Cela pourrait se faire à l’instar du fonctionnement d’autres académies qui ont travaillé sur des mémo-processus : de véritables outils d’aide

  • à la mise en place d’un potentiel retour,
  • sur l’organisation spatiale et pédagogique, l’accompagnement des enseignants, des élèves ainsi que leurs familles.

Rien de normatif en soit, mais une garantie de cohérence et de plus de sérénité et de sécurité sur notre territoire.

Mieux accompagner les personnels de direction, c’est aussi permettre une meilleurs prise en charge des enseignants, des CPE, des agents, des élèves et des familles afin que personne ne revienne dans son établissement la boule au ventre.

Mieux accompagner les personnels de direction, c’est permettre que personne ne revienne dans son établissement la boule au ventre.

Réunions et instances

Certains dispositifs, par exemple des réunions plénières en présentiel avec l’ensemble des personnels d’un établissement, sont à éviter. Ils ne peuvent pas correspondre aux exigences du moment en termes sanitaires.
C’est d’ailleurs une décision qui a été prise par la Rectrice de l’académie de Versailles.
De même les instances dont la tenue est nécessaire avant la réouverture doivent, dès que cela est possible, se tenir en distanciel.

éviter les réunions en présentiel, tenir en distanciel les instances nécessaires

Prendre le temps

Enfin, ne pourrions-nous pas justement, pour une fois, prendre le temps ? Le temps :

  • de parler des conséquences du confinement et de la continuité pédagogique sur nos pratiques et nos santés,
  • de mutualiser les questions sur la vie en collectivité de demain,
  • d’échanger sur nos envies, nos besoins, nos craintes.

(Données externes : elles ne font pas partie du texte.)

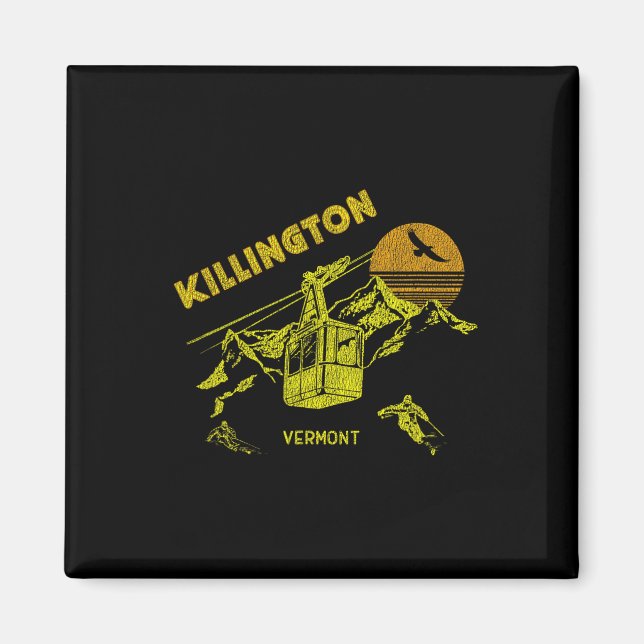 Killington Vermont Distress Retro Skiing Tee Magnet (Framsidan)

Parler, mutualiser, échanger

Parce que quand les collèges et les lycées rouvriront, on y fera quoi ? Sans doute pas ce que nous faisions avant le 13 mars…

Le temps aussi d’assurer toutes les tâches essentielles au suivi des élèves : orientation, accompagnement etc. Des missions sur lesquelles les personnels sont déjà concentrés et qui vont s’intensifier avec l’arrivée de la fin de l’année.